Rerankers are the second-stage filter in a modern retrieval pipeline. After your embedding model returns the top-50 candidates from the vector DB, a reranker scores each (query, document) pair using a cross-encoder model that reads both pieces of text together — far more accurate than the bi-encoder embeddings, which encode query and document independently. The result is a re-ordered list where the top-5 are dramatically more likely to contain the correct chunk. Pricing in 2026 is tiered cleanly: Cohere Rerank v3 at $1.00 per 1M reranked pairs is the quality leader; Voyage Rerank-1 runs roughly $0.05 per 1,000 pairs (i.e., $50 per 1M); Jina Reranker v2 prices at $0.02 per 1M tokens (a different unit — counts tokens across query and document, not pairs); and MixedBread's open-weights rerank model hosted via Together AI lands near $0.0005 per 1M tokens, the cheapest production-grade option.
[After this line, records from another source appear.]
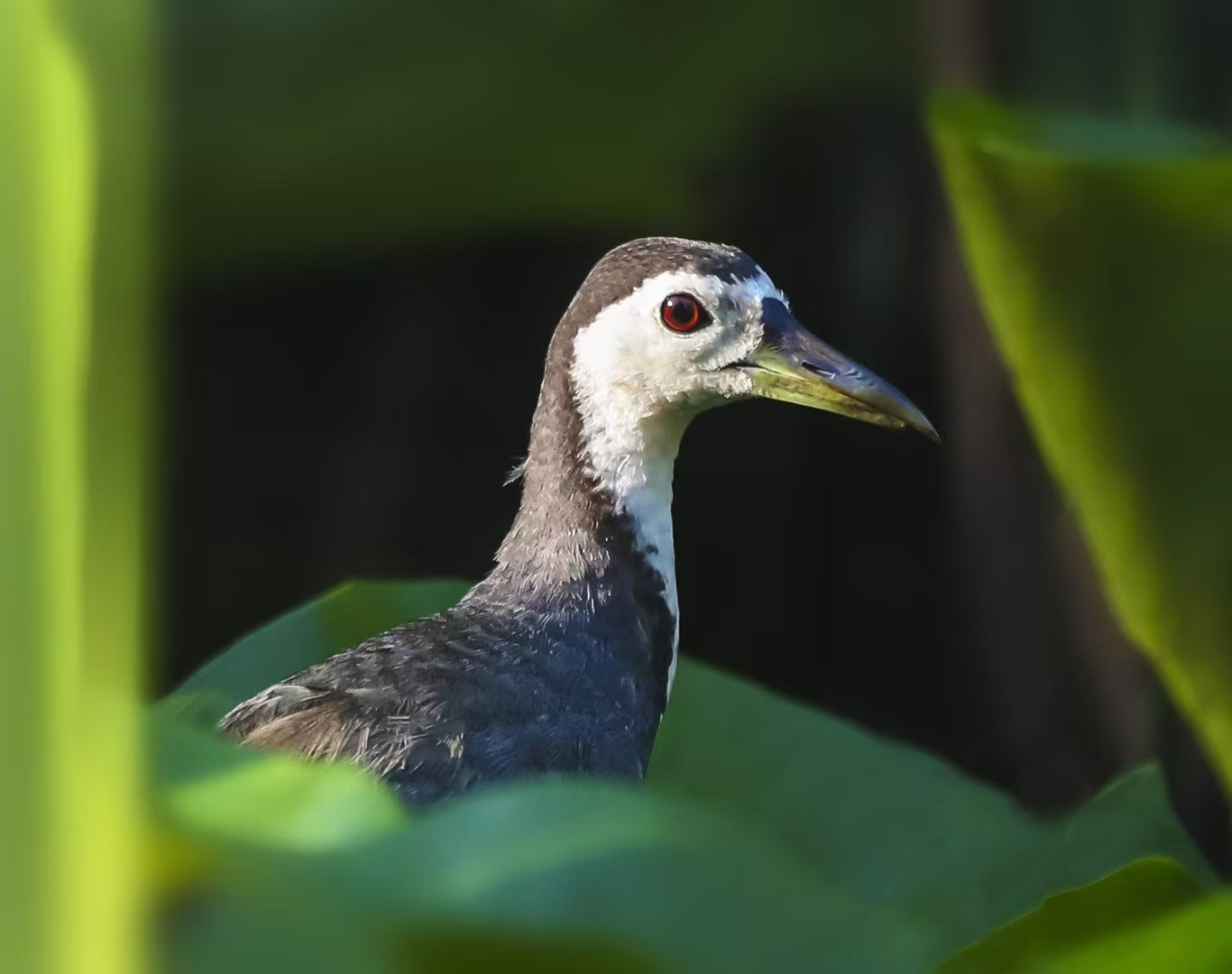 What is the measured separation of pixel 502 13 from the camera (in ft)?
3.61

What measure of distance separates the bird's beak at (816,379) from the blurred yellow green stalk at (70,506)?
503 millimetres

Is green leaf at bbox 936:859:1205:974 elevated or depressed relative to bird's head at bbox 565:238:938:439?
depressed

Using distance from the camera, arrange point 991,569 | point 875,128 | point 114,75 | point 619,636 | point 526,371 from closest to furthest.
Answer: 1. point 114,75
2. point 619,636
3. point 991,569
4. point 875,128
5. point 526,371

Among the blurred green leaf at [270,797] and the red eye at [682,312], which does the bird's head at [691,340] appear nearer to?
the red eye at [682,312]

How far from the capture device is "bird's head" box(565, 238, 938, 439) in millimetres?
739

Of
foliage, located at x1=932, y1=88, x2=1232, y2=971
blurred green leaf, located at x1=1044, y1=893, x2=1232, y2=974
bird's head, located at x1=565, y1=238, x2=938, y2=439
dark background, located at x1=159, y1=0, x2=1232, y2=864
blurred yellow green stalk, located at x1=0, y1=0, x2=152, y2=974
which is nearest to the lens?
blurred yellow green stalk, located at x1=0, y1=0, x2=152, y2=974

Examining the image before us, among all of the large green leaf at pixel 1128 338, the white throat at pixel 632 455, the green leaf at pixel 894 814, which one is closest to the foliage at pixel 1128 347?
the large green leaf at pixel 1128 338

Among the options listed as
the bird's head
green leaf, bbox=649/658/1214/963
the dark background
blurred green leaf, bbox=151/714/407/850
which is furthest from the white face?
blurred green leaf, bbox=151/714/407/850

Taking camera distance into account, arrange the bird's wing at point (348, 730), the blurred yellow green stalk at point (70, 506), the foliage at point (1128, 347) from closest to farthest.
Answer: the blurred yellow green stalk at point (70, 506)
the foliage at point (1128, 347)
the bird's wing at point (348, 730)

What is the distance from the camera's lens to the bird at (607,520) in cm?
68

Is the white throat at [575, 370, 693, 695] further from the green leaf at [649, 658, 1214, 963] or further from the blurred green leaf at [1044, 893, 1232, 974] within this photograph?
the blurred green leaf at [1044, 893, 1232, 974]

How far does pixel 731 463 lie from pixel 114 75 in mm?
1268

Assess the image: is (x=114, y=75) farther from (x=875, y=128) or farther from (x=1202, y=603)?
(x=875, y=128)

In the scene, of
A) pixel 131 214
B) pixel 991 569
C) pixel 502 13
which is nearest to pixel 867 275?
pixel 991 569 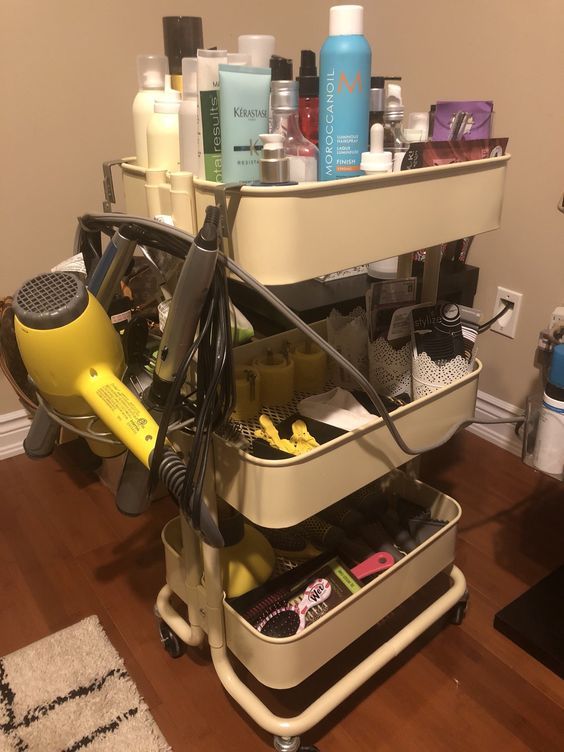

The unit matters. Reranker bills count pairs, not tokens, on Cohere and Voyage. A 'pair' is one query combined with one candidate document. If you retrieve top-50 from the vector DB and rerank them against a single query, that is 50 pairs — not 50 × document_length tokens. Jina's token-based pricing reads differently: a typical 500-token document plus a 50-token query is 550 tokens per pair, so 50 pairs at 550 tokens = 27,500 tokens per query. At Jina's $0.02/1M that is $0.00055 per query for the rerank step. At Cohere Rerank v3, 50 pairs × $1/1M = $0.00005 per query. At Voyage Rerank-1, 50 pairs × $50/1M = $0.0025 per query. The cheapest is roughly 50x cheaper than the most expensive, but all are sub-cent.

A typical RAG retrieval pipeline at scale prices out cleanly. For a single user query: embed the query string (~50 tokens × $0.02/1M for text-embedding-3-small) = $0.000001. Vector search against the index is a fixed infrastructure cost — call it $0.00001 of amortized Pinecone serverless time per query at 1M queries/month. Rerank the top-50 with Cohere Rerank v3 = $0.00005. Pass the top-5 reranked chunks plus the user query into the LLM call — at GPT-4.1 ($2/1M input, $8/1M output) with 3,000 input tokens and 500 output tokens, that is $0.010 per query. The LLM call is the entire bill, roughly 100-200x larger than every retrieval step combined.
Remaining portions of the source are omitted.